Avec l’invasion de l’Europe par les Nazis en 1939-1940, le 1er mai devint un jour férié dans les pays occupés. Ce fut également à cette occasion que la Fête des mères fut définitivement adoptée. La carte d’identité est également une idée allemande. Elle fut imposée aux belges envahis en 1914 et en France sous le régime de Vichy en octobre 1940.

Origine du 1er mai

Mais d’où vient cette journée de revendication et pourquoi le 1er mai.
Tout commence aux Etats-Unis. Le 30 avril était le jour de la clôture de la comptabilité et par conséquent, la fin des contrats annuels des ouvriers. Le 1er mai, pour marquer la solidarité des travailleurs, les syndicats organisaient des défilés et en profitaient pour réclamer la journée de 8 heures.

Début mai 1886, le défilé de Chicago avait mis longtemps à se disperser. Il restait environ deux cents manifestants quand une bombe fut lancée sur la police faisant un mort. Dans la bagarre qui suivit, sept autres policiers trouvèrent la mort. Aux Etats-Unis, le deuxième amendement reconnaît aux citoyens le droit de porter des armes.

Huit anarcho-syndicalistes sont arrêtés, un par policier tué. Lors de sa plaidoirie, le procureur Julius Grinnel déclare  : « Nous savons que ces huit hommes ne sont pas plus coupables que les milliers de personnes qui les suivaient, mais ils ont été choisis parce qu’ils sont des meneurs. Messieurs du jury, faites d’eux un exemple, faites-les pendre, et vous sauverez nos institutions et notre société. » Cinq seront condamnés à mort. Quatre seront pendus, le cinquième s’étant suicidé en captivité.

En 1893, le gouverneur de l’ Etat de l’Illinois (dont la capitale est Chicago) John Peter Algeld gracia les 3 syndicalistes encore détenus, en raison de la fragilité de l’enquête et du processus judiciaire.
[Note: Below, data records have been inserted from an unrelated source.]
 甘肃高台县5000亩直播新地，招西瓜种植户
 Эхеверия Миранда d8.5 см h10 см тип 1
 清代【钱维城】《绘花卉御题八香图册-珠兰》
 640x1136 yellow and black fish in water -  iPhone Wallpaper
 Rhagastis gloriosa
Il déclara également qu’il suspectait le chef de la police de Chicago d’avoir organisé et peut-être même commandité l’attentat.
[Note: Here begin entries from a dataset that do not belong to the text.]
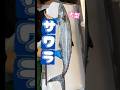大型サワラの三枚おろし【釣りモノ96㌢】 #サワラ #サワラ捌き方 #さかなサバケル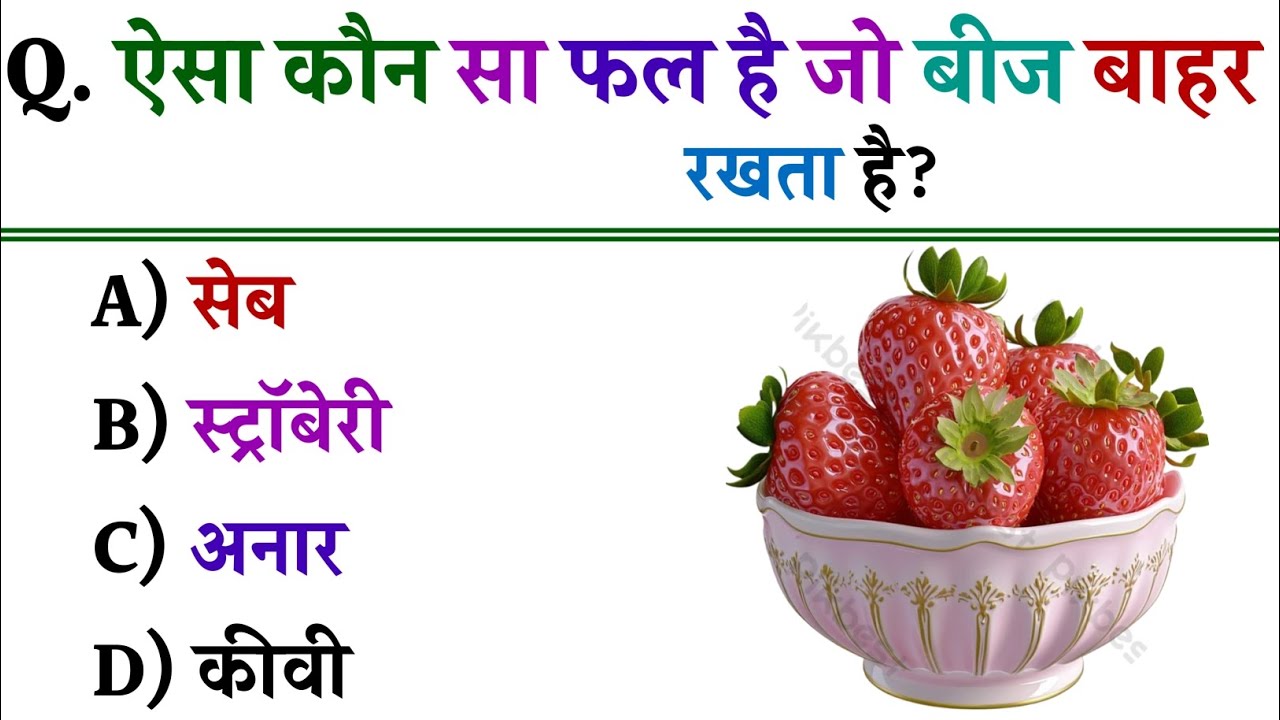 Most Important 20 Gk Questions 🤔|| Gk Questions ✍️ || Gk in Hindi || Gk Quiz || Nick's Gk Hub ||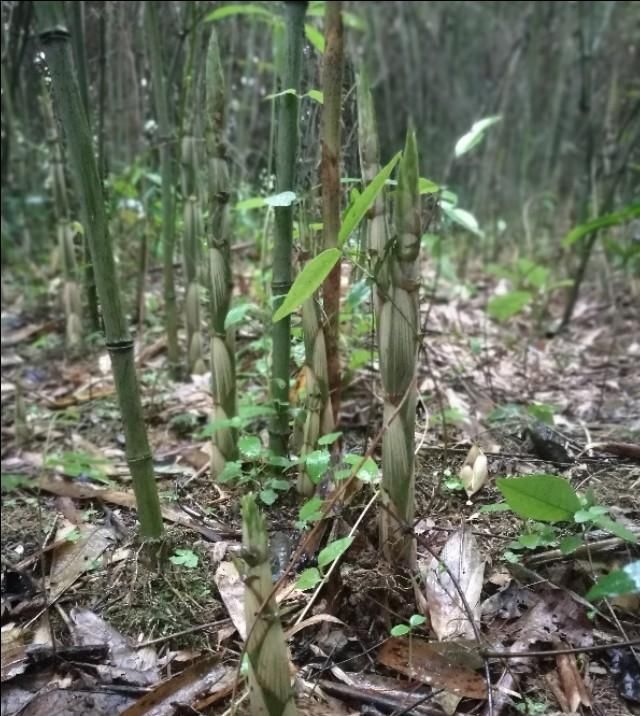  【植物】深山林里的小溪边，长着一种肉嘟嘟的植物，你吃过吗？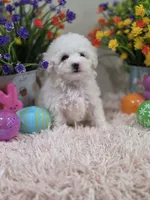 Willow, a female Poodle - Toy  for sale in Rainbow City, AL – Photo 3 of 10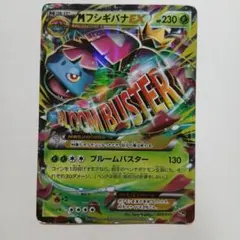2026年最新】フシギバナex 20thの人気アイテム - メルカリ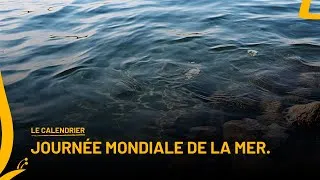 Miniature : LE CALENDRIER  – JOURNÉE MONDIALE DE LA MER  | Metamorphosis Africa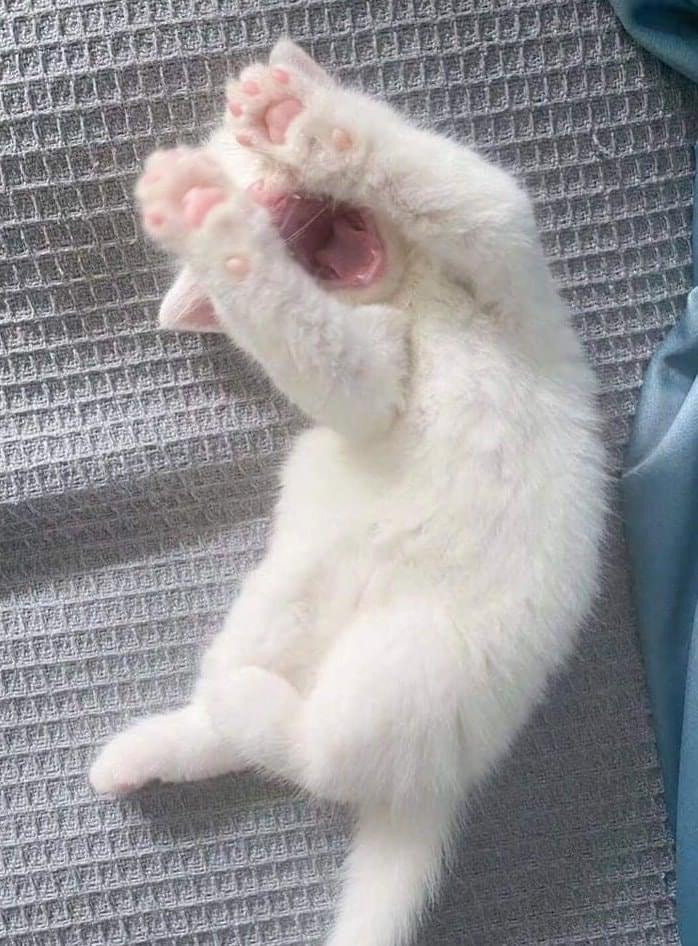 The cute kitten yawns, covering its eyes with its paws, exposing cute pink paw pads.
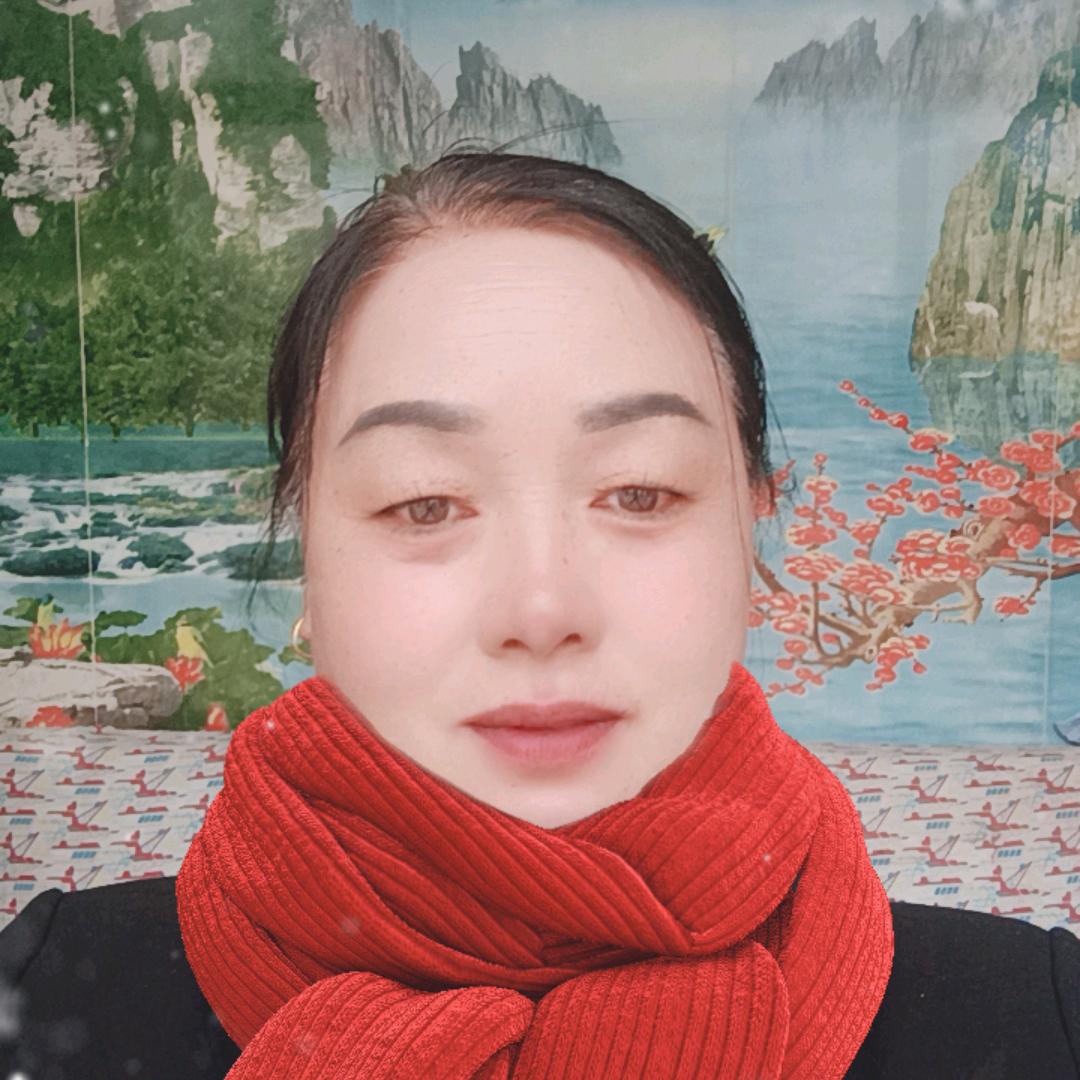太阳花🌻🌻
Note : Définition de l’anarcho-syndicalisme d’après le Dictionnaire de la science politique et des institutions politiques : « Globalement, l’anarcho-syndicalisme érige les syndicats en organismes centraux de l’action politique et des transformations sociales dans la perspective d’une rupture révolutionnaire fondée en même temps sur une prise de conscience progressive de leur pouvoir par les masses populaires. De ce fait, il se présente à la fois comme un projet d’organisation et comme le vecteur d’une nouvelle éthique de la responsabilité à diffuser dans l’ensemble de la société ».
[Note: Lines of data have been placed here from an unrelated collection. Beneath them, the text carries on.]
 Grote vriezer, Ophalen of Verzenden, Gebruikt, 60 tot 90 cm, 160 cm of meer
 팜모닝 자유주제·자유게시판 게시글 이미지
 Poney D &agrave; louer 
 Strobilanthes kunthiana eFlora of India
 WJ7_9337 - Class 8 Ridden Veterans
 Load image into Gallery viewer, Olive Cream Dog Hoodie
Plus simplement, les anarcho-syndicalistes veulent prendre le pouvoir par l’action directe, par la force, hors des structures de l’Etat. Ils s’opposent aux partis, même socialistes et communistes, qui veulent changer la société légalement, par la victoire aux élections.
La CGT (Centrale générale des travailleurs) en France était, à sa création en 1895, un mouvement anarcho-syndicaliste. La CNT (Centrale nationale des travailleurs, créée en 1910) en Espagne l’est restée jusqu’à sa disparition après la guerre civile de 1936-1939 et la prise de pouvoir de Franco.